Don’t Confuse Political Profiteers with Producers

WASHINGTON–“President Obama is pushing Congress to enact his Financial Crisis Responsibility Fee, a bank tax that will fall on institutions that never asked for TARP money, never took TARP money, or already paid back TARP money,” write Don Watkins and Yaron Brook of the Ayn Rand Center.  “In promoting the measure, Obama is invoking widespread anger over bank bailouts, brazenly ignoring the fact that his punitive tax would punish businesses that eagerly fed at the public trough in the wake of the crisis as well as those that did not.

“Since the advent of capitalism, businessmen as a class have been denounced for the corrupt actions of a few political profiteers. It’s a distinction that gets special attention in Ayn Rand’s 1957 novel ‘Atlas Shrugged.’ In the book Rand describes two opposite kinds of businessmen–those she calls the producers and the looters–deserving two very different assessments.

“Yes, it can sometimes be hard to tell the producers from the looters.

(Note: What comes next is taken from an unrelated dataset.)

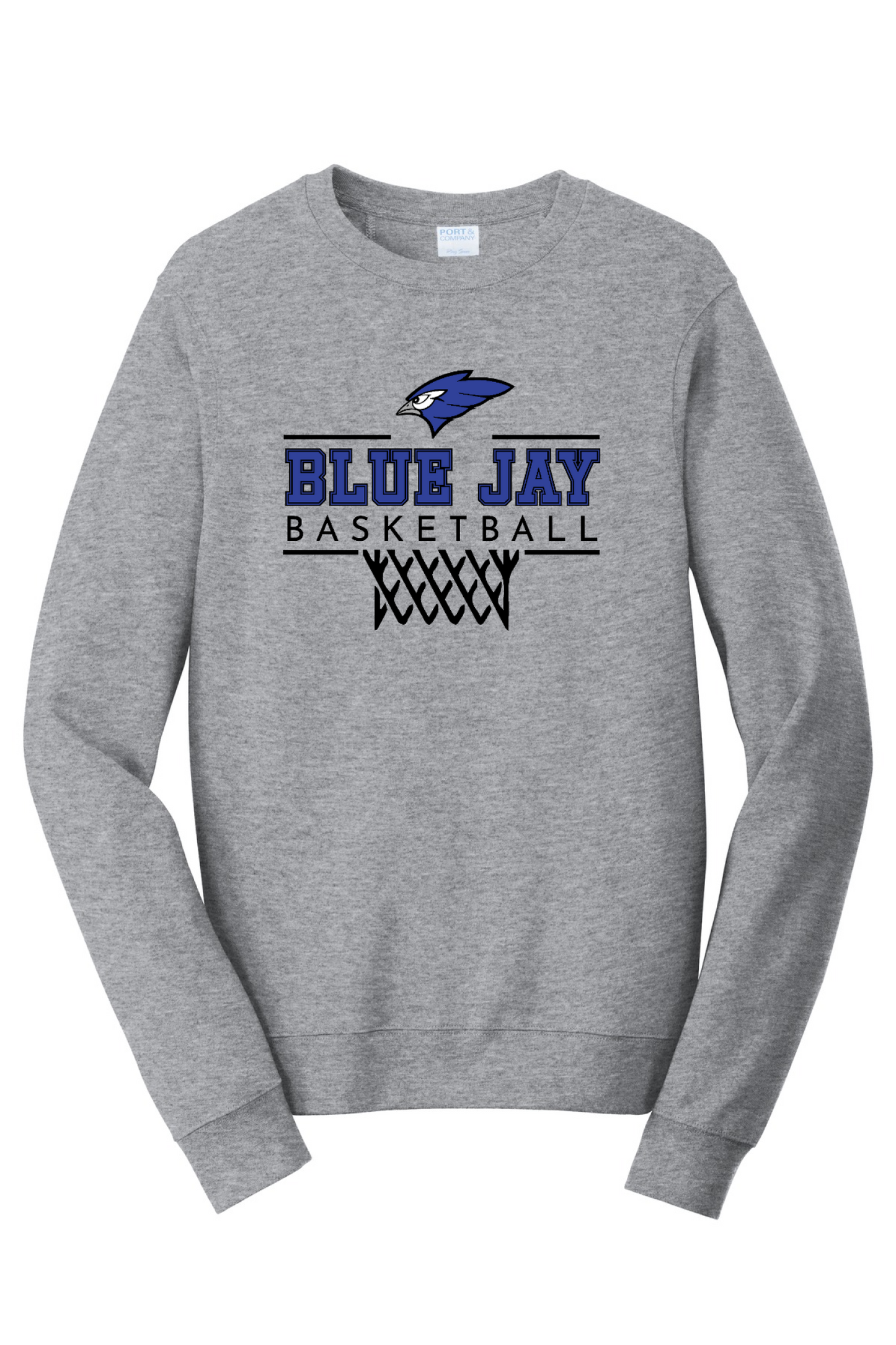 Front Design - Athletic Heather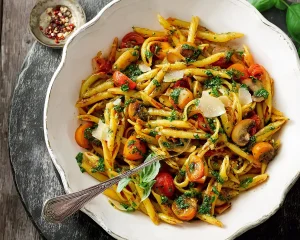 Pasta Rezepte: Klassisch & Modern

As government becomes more entangled in our economic affairs, even the producers of the world are forced to lobby Washington–not to reap unearned rewards, but to protect themselves from the looters. (It’s no accident that before Microsoft came under antitrust fire, it spent virtually nothing on lobbyists, while today it spends many, many millions.) What’s more, many businessmen are mixed cases–part producer, part political profiteer.

“But however difficult it may be to classify individual businessmen, it’s crucial to keep the two categories separate when praising or condemning the businessmen who appear in the headlines and before congressional panels. If we don’t, it’s the looters who benefit and the producers who suffer.”